Based on this information, you can calculate which grid cell any point on the globe falls into:

$$\text{row} = \text{floor}\left(\frac{\text{Latitude} - y_0}{\text{CellSize}}\right),$$

$$\text{column} = \text{floor}\left(\frac{\text{Longitude} - x_0}{\text{CellSize}}\right)$$

where $x_0, y_0$ is lower-left corner point. If the center of the lower-left cell was given, $x_0 = x_\text{llcenter} - \frac{\text{CellSize}}{2}$, $y_0 = y_\text{llcenter} - \frac{\text{CellSize}}{2}$.

For CSV files, you will need to keep track of this data yourself. ASC files have it at the top of the file, BIL files have a corresponding HDR file with the data, and GeoTIFF files have it embedded in the file which you can read with various software tools.

  1. Projections are a way to map points on the globe (in latitude-longitude space) to a point in a flat x, y space. While this is important for visualizing maps, it can just be a nuisance for gridded datasets. The most common “projection” for gridded datasets is an equirectangular projection, and we have been assuming this above. This is variously referred to as 1, ll, WGS 84, and EPSG: 4326 (techically, WGS 84 species how latitude and longitude are defined, and EPSG:4326 specifies a drawing scheme where x = longitude and y = latitude). However, you will sometimes enounter grids in terms of km north and km east of a point, and then you may need to project these back to latitude-longitude and regrid them.
  2. All of these allow missing data to be handled. Typically, a specific numerical representation, like -9999, will be used. This is specified the same way that the gridding scheme is.

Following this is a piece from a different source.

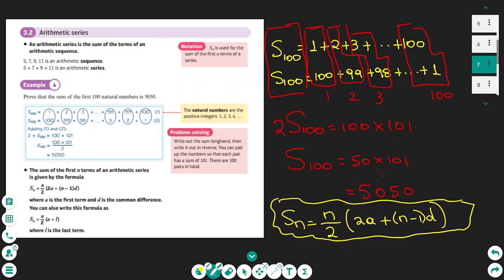Normally to find the sum of a series we don't use this pairing method but instead apply a formula. The formula is S equals n over 2 times the bracket 2a plus bracket n minus 1 times d. Here n is the number of terms, a is the first term, and d is the common difference between consecutive terms.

Implementation Notes: Reading gridded data.

R Python
Use the raster library. Take a look at https://github.com/jrising/research-common/tree/master/python/geogrid.

If you are using R, take a look at the Introduction to Geospatial Raster and Vector Data with R, which has some extensive examples of working with geospatial raster data.

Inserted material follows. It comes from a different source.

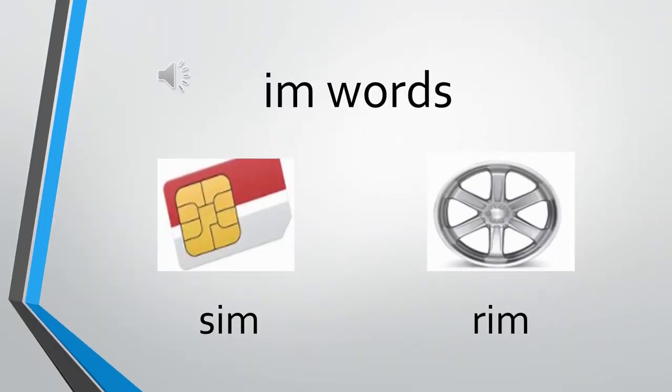Sound of I is e, sound of m is ma. So today it becomes im.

In some cases, it is appropriate and possible to use time-varying weighting schemes. For example, if population impacts are being studied, and the scale of the model is individuals, annual estimate of population can be used. This kind of data is often either in NetCDF format (see above), or as a collection of files.

Implementation Notes: Downloading multiple files and reading them.

library(raster)
for (year in 1980:2010) {
  download.file(paste0("http://archive.org/awesome/", year, ".zip"), "temp.zip")
  filename <- paste0("prefix-", year, ".asc")
  zip.file.extract(filename, "temp.zip")
  r <- raster(filename)
  <perform weighting>
}

Below are some common datasources for various weighting schemes.

3.3 Aligning weather and weighting grids

The first step to using a gridded weighting dataset is to make it conform to data grid definition used by your weather data. Here we assume that both are regular latitude-longitude grids. See Kinds of weight schemes and data sources to understand the grid scheme for your weighting file; note that gridded weather data often reports the center of each grid cell, rather than the corner.

The following recipe should work for most cases to align weighting data with a weather grid.

Step 1: Resample the weighting data until the grid of the weighting data evenly divides up the weather data.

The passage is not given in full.